Our depolarized Outer Banks reunion, with some wild horses

Last week we had a family reunion at Corolla, on the Outer Banks of North Carolina.  All told, there were 29 Tillers and their close connections, from several states, ranging in age from a few weeks to 69.  We took up three beach houses and gathered together to go to the beach, have dinner, and play games.

We had pleasant weather, and the water was warm enough for swimming, though some straw had washed up on the beach during a previous storm.  Just north of Corolla, the beach is open to four wheel drive vehicles, and I took mine up  there to look for the resident wild horses.  I made these pictures, among others.  It was cheering to see these big animals making their own way and looking calm and reasonably healthy.  

There was a sort of elephant in the room at this family reunion, which was a strong divergence of political views.  As regular readers have probably noted, my politics are far from conservative, as are those of a few other relations.  Probably a majority of the other Tillers identify strongly as conservatives.  In this time of extreme political polarization, with many primed to see politics in terms of a battle of good versus evil, some wondered, how would we get along?

The answer, it turned out, was just fine.  We found plenty of things in common, like kids, jobs, food, sports, houses, and family memories.  There was a lot of laughter.  It’s easy to overemphasize the significance of political differences, and to forget how much of our lives has little to do with our political allegiances.  Our reunion was a good reminder:  we all (Tillers, and of course, others too) are closely tied, and those ties are important.

The reunion also reminded me that there are plenty of differences of opinions among those on the conservative side.  The loudness and shrillness of right-wing media is misleading in many ways, including giving the impression of a conservative monolith.

I don’t mean to suggest that political differences are unimportant, especially now.  The transformation of the Republican party into the party of Trump, with its gloves-off program to seize power is still happening.  Republican leaders all across the country are passing new laws to increase the likelihood that they won’t lose future elections.  They’re also passing laws to prevent schools from teaching about topics that inspire questions about the existing social order, like our history of slavery and continuing racism.  

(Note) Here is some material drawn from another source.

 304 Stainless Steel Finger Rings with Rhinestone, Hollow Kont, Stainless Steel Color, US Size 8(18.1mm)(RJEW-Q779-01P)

But there is a lot of political movement in the opposite direction, addressing some of our biggest problems, including climate change, economic fairness, health care, institutionalized violence, and education.  In the face of radical Trumpism, President Biden is boring in a good way — practical and down to earth.  Perhaps this is the storm before the calm. 

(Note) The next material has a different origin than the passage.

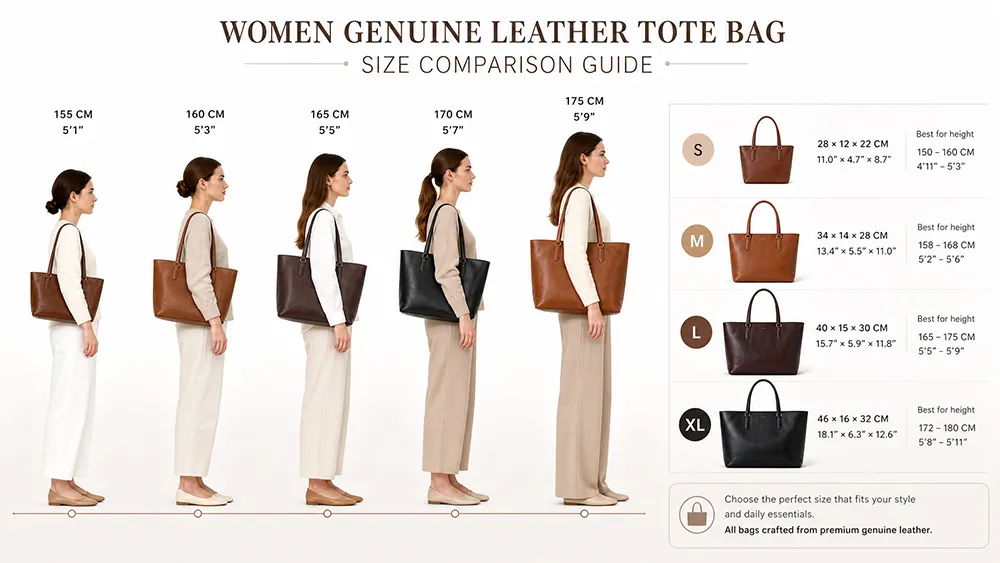 Genuine leather tote bag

Speaking of earth and hope, two cheers for the President’s 30 by 30 initiative:  conservation of 30 percent of our land and water by 2030.  So far, this hasn’t made big headlines, but it should help in addressing both global warming and the biodiversity crisis.  Some fifty other countries are working on this same goal.    Non-human animals are usually ignored as humans pursue their goals, to their and our great loss.  While I tend to go with E.O. Wilson, who has advocated a target of protecting 50 percent, it’s a good start.